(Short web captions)
==========

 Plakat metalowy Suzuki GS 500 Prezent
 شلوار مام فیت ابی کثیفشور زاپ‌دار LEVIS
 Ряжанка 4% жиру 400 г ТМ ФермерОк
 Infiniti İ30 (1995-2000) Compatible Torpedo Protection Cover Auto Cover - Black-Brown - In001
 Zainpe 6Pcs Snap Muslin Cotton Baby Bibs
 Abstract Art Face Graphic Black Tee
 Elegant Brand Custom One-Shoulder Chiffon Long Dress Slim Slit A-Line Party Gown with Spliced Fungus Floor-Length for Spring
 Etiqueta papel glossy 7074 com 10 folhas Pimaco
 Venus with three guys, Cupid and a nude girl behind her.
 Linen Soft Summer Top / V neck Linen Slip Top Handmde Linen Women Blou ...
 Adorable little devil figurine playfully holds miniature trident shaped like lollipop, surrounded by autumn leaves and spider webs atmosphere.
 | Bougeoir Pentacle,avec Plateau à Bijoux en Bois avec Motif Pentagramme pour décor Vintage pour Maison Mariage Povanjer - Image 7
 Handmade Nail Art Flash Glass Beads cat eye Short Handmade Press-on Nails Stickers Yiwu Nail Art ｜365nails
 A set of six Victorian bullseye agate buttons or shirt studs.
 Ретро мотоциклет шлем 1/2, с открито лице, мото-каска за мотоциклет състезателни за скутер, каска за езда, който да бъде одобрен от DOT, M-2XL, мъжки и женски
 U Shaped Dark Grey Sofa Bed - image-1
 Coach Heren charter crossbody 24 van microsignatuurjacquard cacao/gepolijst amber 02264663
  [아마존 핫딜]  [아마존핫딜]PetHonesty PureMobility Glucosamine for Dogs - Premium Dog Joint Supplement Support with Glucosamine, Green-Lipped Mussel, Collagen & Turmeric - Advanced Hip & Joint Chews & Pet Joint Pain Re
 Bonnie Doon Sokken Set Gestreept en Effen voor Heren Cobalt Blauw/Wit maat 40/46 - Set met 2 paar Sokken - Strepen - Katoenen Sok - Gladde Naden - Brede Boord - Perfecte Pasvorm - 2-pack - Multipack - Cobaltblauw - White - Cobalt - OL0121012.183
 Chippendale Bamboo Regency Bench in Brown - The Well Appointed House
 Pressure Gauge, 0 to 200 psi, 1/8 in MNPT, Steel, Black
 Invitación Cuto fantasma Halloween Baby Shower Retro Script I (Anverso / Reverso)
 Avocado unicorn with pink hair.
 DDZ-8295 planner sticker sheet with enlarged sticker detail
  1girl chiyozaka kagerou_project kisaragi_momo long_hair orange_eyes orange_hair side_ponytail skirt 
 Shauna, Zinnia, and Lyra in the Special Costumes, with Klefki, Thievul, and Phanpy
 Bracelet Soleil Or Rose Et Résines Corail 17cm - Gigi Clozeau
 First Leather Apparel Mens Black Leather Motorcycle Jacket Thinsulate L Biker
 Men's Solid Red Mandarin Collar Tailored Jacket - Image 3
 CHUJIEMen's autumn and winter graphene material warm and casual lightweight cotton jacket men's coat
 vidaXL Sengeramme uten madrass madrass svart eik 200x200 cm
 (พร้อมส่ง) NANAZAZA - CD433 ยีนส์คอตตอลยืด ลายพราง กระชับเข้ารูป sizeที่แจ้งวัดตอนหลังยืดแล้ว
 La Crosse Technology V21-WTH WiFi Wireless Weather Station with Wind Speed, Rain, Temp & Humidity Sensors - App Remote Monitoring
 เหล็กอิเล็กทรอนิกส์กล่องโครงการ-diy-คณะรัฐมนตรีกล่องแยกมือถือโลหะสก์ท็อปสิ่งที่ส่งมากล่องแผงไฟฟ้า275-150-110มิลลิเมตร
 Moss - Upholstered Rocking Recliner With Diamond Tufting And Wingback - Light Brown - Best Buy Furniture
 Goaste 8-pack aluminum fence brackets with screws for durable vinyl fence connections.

==========

**DIRECTIONS**
Gather up the lines containing the word "autumn" from these records and copy them.

**PROBLEM SOLUTION**
 Adorable little devil figurine playfully holds miniature trident shaped like lollipop, surrounded by autumn leaves and spider webs atmosphere.
 CHUJIEMen's autumn and winter graphene material warm and casual lightweight cotton jacket men's coat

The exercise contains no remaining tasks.